Prospective home buyers arrive to tour a house for sale in Dunlap, Illinois.

Daniel Acker | Bloomberg | Getty Images

Mortgage applications numbers get stronger each week as homebuyers rush back into the market, hoping to get their hands on what few homes there are for sale. Another record-low mortgage rate didn’t hurt. 

Mortgage applications to purchase a home rose 5% for the week and were a stunning 18% higher than a year ago, according to the Mortgage Bankers Association’s seasonally adjusted index. As the coronavirus outbreak was surging six weeks ago, applications by homebuyers were down 35% annually.

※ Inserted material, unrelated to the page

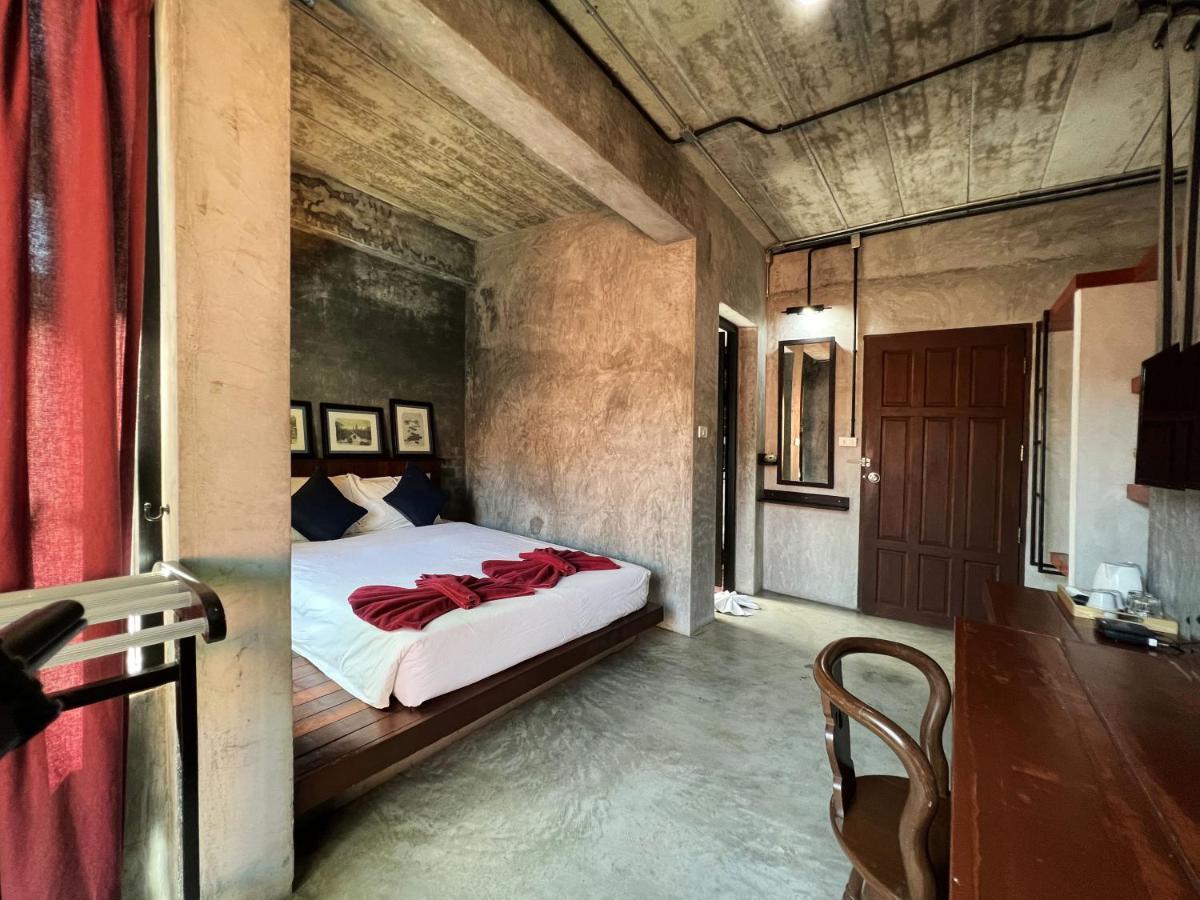 Ao Nang アオナン サード プレイス Bed & Breakfast エクステリア 写真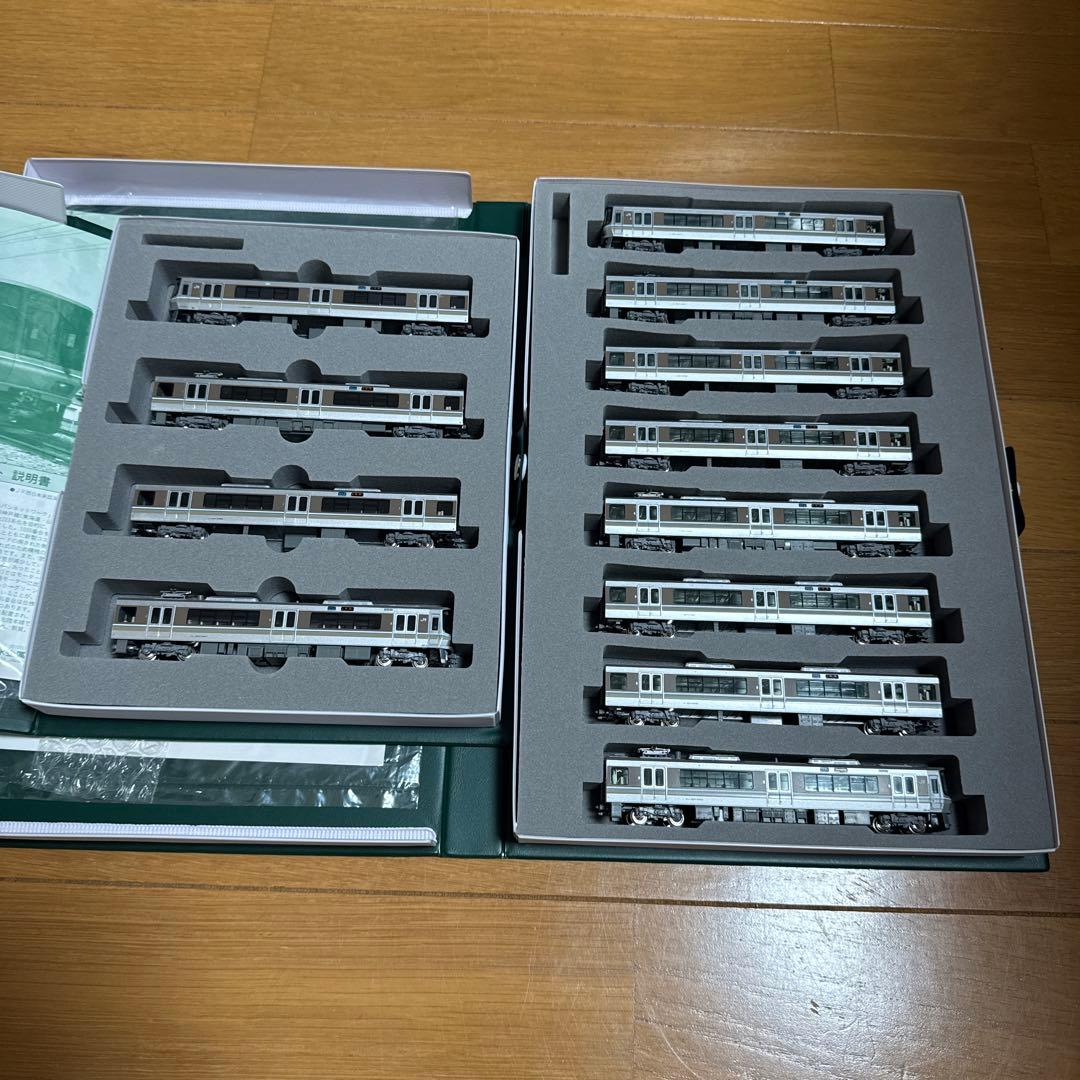 KATO 223系 2000番台 1次車4両 2次車8両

“The pent-up demand from homebuyers returning to the market continues to support a recovery from the weekly declines observed earlier this spring,” said Joel Kan, an MBA economist. “However, there are still many households affected by the widespread job losses and current economic downturn. High unemployment and low housing supply may restrain a more meaningful rebound in purchase applications in the coming months.”

The average contract interest rate for 30-year fixed-rate mortgages with conforming loan balances of up to $510,400 decreased to 3.37% from 3.42%. Points, including the origination fee, for loans with a 20% down payment decreased to 0.30 from 0.33.

Another new low for interest rates did little to spur current homeowners to save a little cash. Mortgage applications to refinance a home loan fell 9% for the week, although they were still 137% higher than a year ago, when interest rates were 86 basis points higher. That was the seventh straight week of declines in refinance activity. 

“After reaching a peak of 76% earlier this year, refinances now account for less than 60% of activity, and the index is now at its lowest level since February 21,” Kan said.